How does the electric field change as two point charges move towards their closest approach? Is the field effect that causes immutability self-driven by a point charge, or is it a combined effect of the electromagnetic fields of two adjacent point charges? My intuition tells me it is self-driven, but math that maps to QM/QFT/QED/QCD will presumably reveal the truth.

This raises the question of the electromagnetic field strength as a function of distance as two point charges approach. Let’s start with two point charges approaching on the same straight line. Visualize the chart for the following four situations and look for symmetries and/or asymmetries.

- electrino : electrino
- electrino : positrino
- positrino : electrino
- positrino : positrino

Opposites will fully cancel electric fields at the midpoint, where the field direction will flip and the magnitude will increase on either side.

I will use the super awesome and easy educational PHET simulations hosted by the University of Colorado Boulder. In the snapshots the arrow indicates the vector direction of the electric field and the brightness is the intensity. Voltage is shown in red or blue shading and several lines of equipotential are shown in green.

It is evident that each of these dipoles implements C-symmetry. The positrino : electrino is C-symmetric with the electrino : positrino. Likewise the electrino : electrino is C-symmetric with the positrino : positrino.

It is also clear to see that for each of our C-symmetric cases, the electric field is P-symmetric in three dimensions.

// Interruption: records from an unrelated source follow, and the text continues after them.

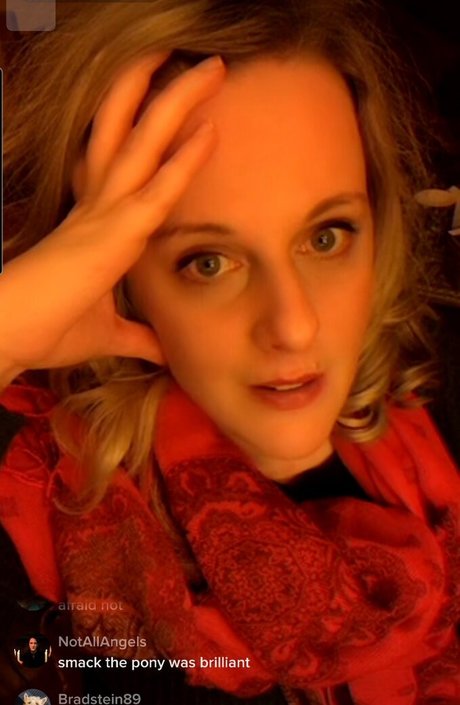 Tan Smith only fans nude leaks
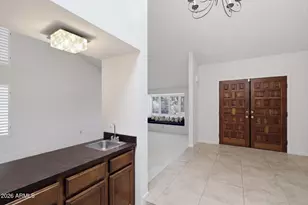 6318 E Paradise Ln, Scottsdale, AZ 85254 - Photo 5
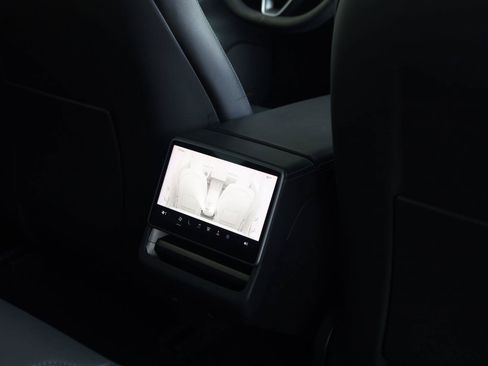 Used 2024 Tesla Model 3 Long Range RWD image 24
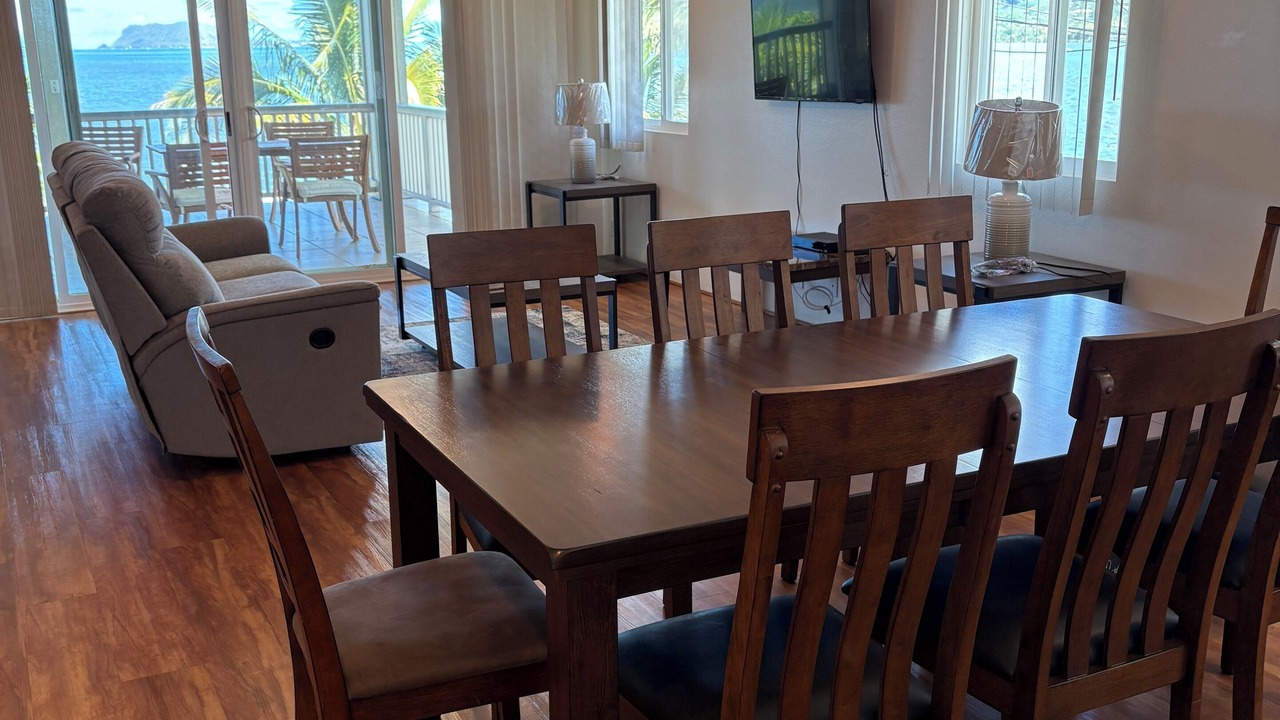Photo of Livingroom in Kahalu u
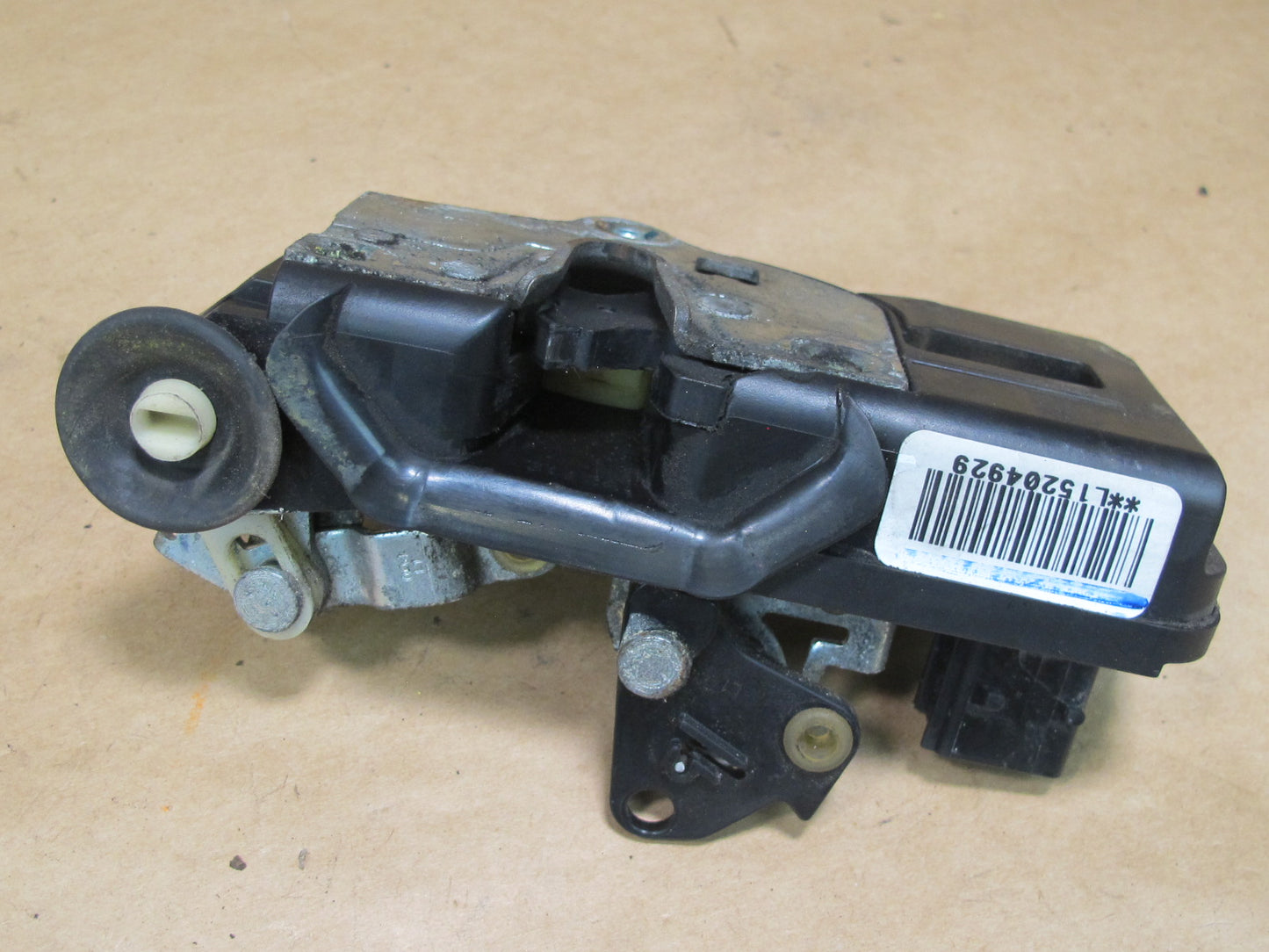 2003-2007 HUMMER H2 REAR LEFT DRIVER SIDE DOOR LOCK LATCH ACTUATOR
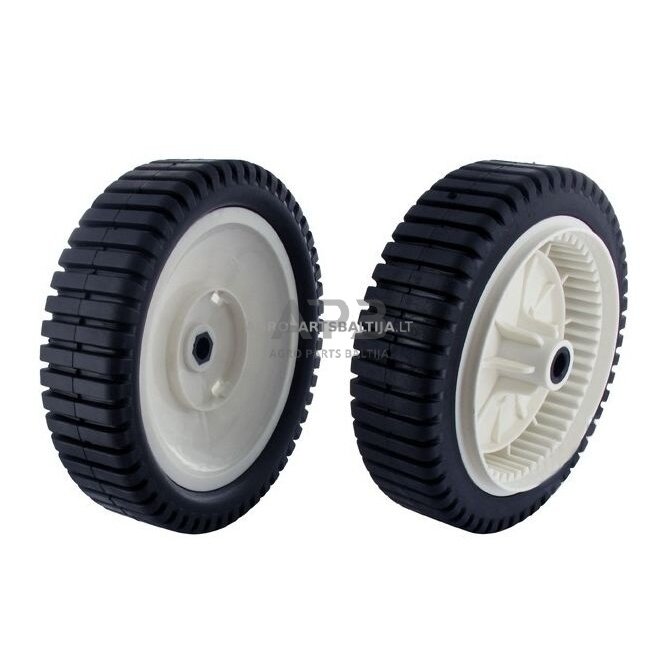 Ratukas Roper 532700953. Aukštis 203,2 mm, vidinis skersmuo tarp dantukų 130 mm, plotis 50 mm, dantukų skaičius 53 vnt. 532 70 09-53, 5327009-53, 532700953, 700953, 532 18 07-59, 5321807-59, 532180759, 180759, 532 15 03-40, 5321503-40, 532150340, 150340,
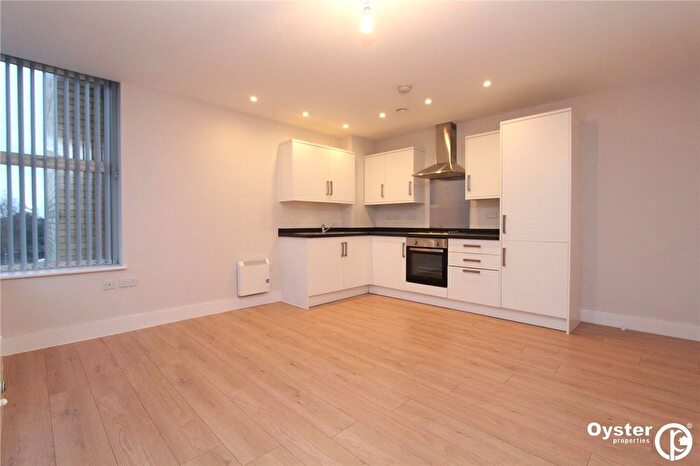 1 Bedroom Flat To Rent In Kenton Road, Harrow, HA3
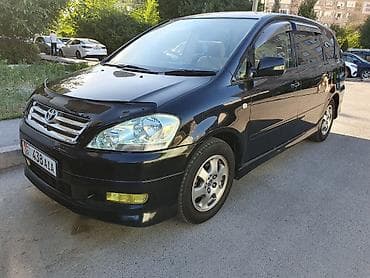 велюровое: Toyota Ipsum: 2003 г., 2.4 л, Автомат, Бензин, Минивэн — 2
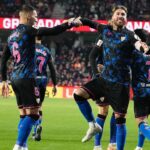 Sergio Ramos Instagram - Una victoria necesaria, trabajada y merecida. Contento por ayudar con otro gol 🍳. El camino es este. ¡Vamos, @sevillafc! ⚪️🔴 A necessary, hard-fought and well-deserved win. Happy to help with another goal 🍳. This is the way to go. Onwards, Sevilla! ⚪️🔴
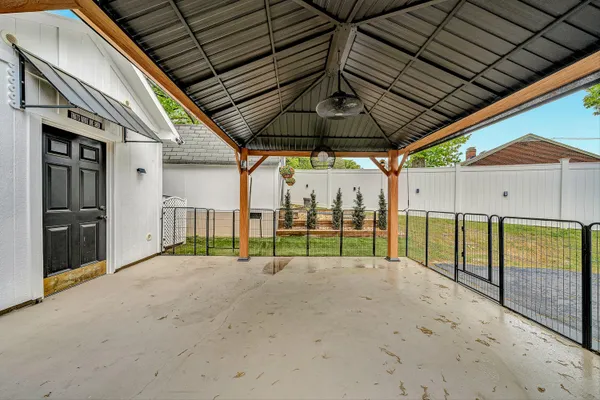 $289,000 | 3337 Woodland Drive Southwest, Roanoke, VA 24015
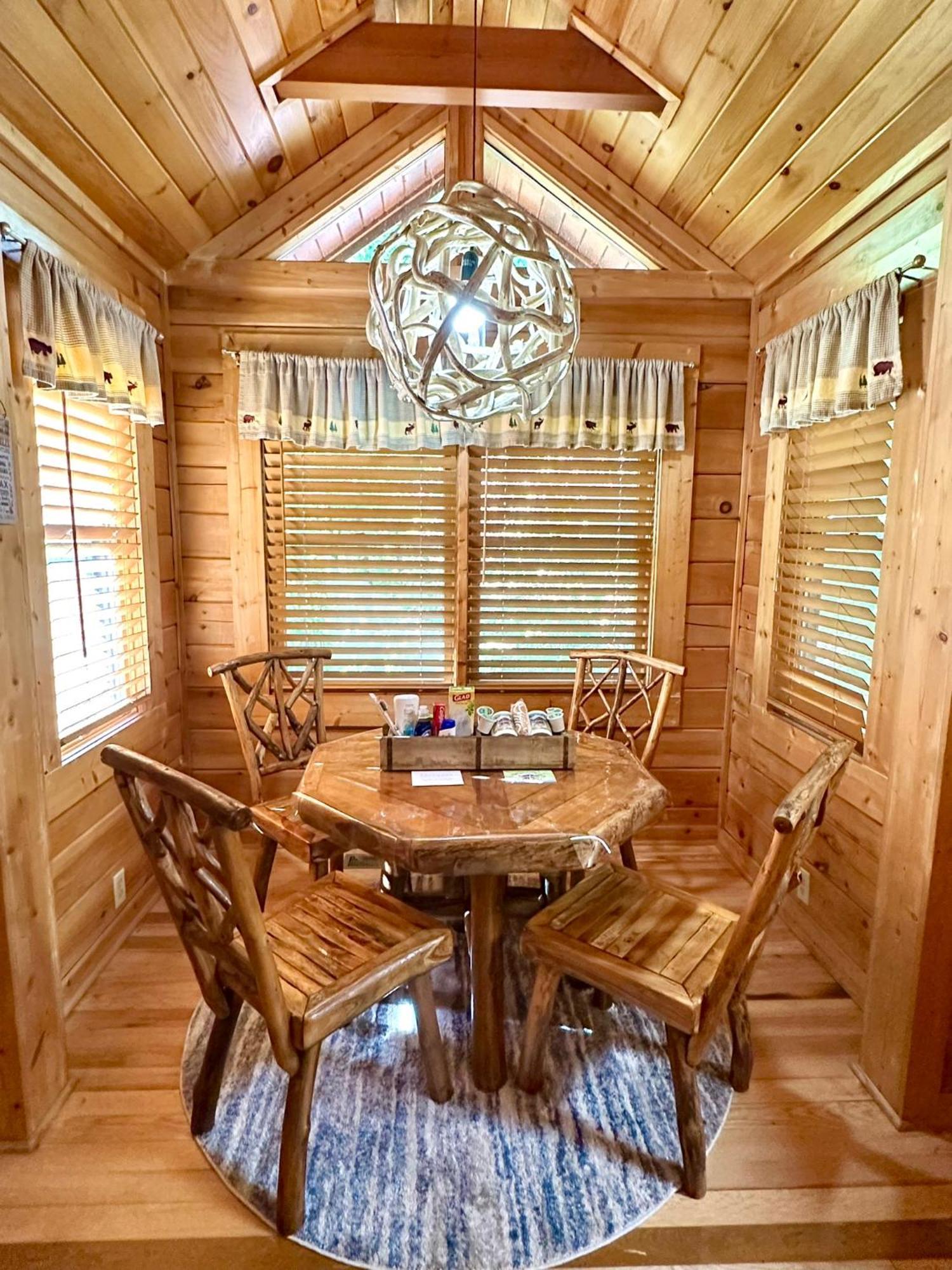 Private Smoky Mountain Luxury Log Home With 2 Fireplaces, Hot Tub & Community Pool เซอเวียร์วีล ภายนอก รูปภาพ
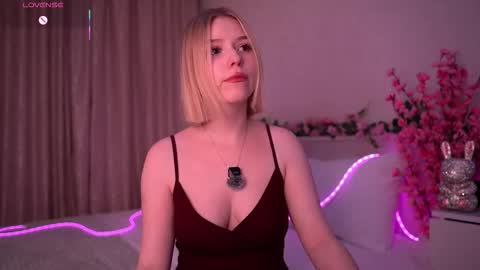 Paula online show from February 13, 8:05 pm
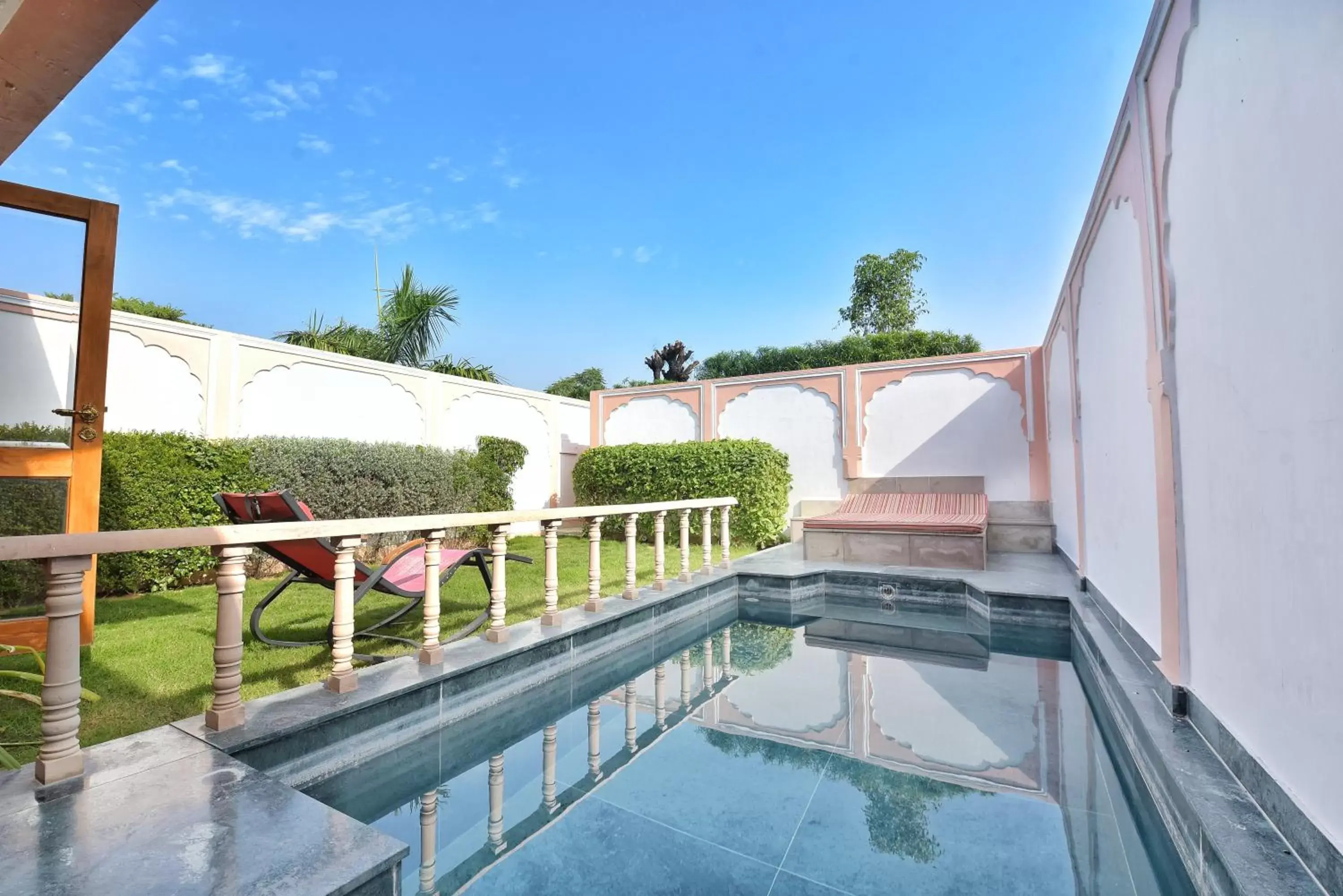 Swimming Pool in Buena Vista Luxury Garden Spa Resort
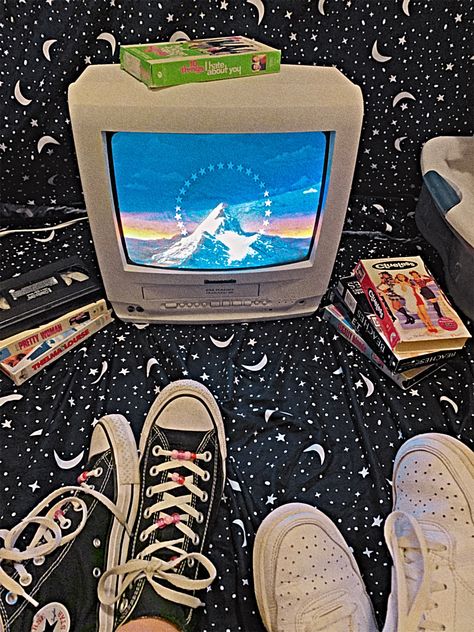 90/00 Aesthetic, Vhs Movies Aesthetic, Vhs Astethic, Nostalgic 90s Aesthetic, Vhs Aesthetic Pictures, Vhs Tv Aesthetic, Bright Vintage Aesthetic, 1980s Collage, Late 80s Aesthetic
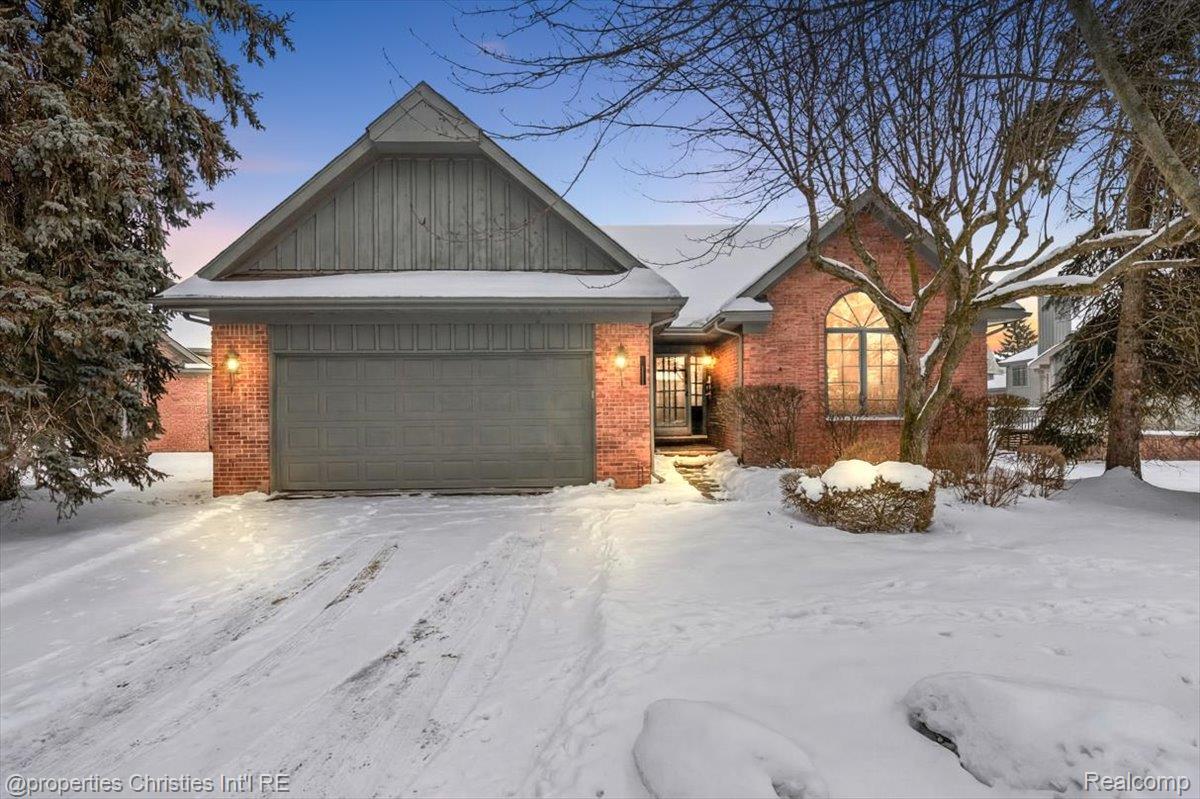 37743 Avon Lane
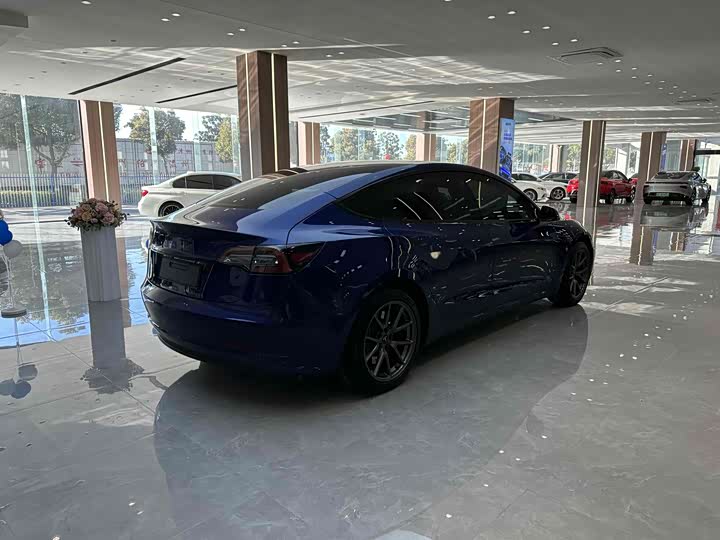 Фото 7 - Tesla Model 3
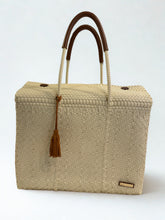 Load image into Gallery viewer, Closed Basket Jumbo Woven Bag
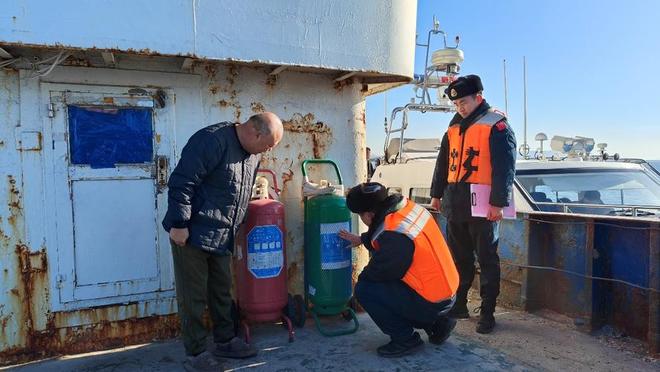 大连一夜扣押259艘渔船！北斗被拆、暗舱藏人安全黑洞有多大？(图8)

We’ve shown that each of the possible point charge dipoles are C-symmetric and P-symmetric. What about T-symmetry? This has always struck me as such an odd question because absolute time moves forward only at a constant pace, by definition, since it is an abstract concept. Of course absolute time can’t run backwards.

To understand T-symmetry we must first understand how time is implemented by nature. Nature implements time via the frequency of the rotating dipole flywheels in an energy core(s) of a standard matter particle. What would it mean to reverse time given how nature implements time? It seems logical to interpret this as changing the direction of dipole rotation.

I am not exactly sure what to make of these deductions. It seems to me this would tie in perfectly to the field of particle physics. I am already on record as saying that I do not believe C, P, or T symmetries can be violated and that any experimental observations suggesting they are violated must be missing lower energy reaction products that are below the threshold of observability. This seems to be to be emminently reasonable given what has been shown in this post.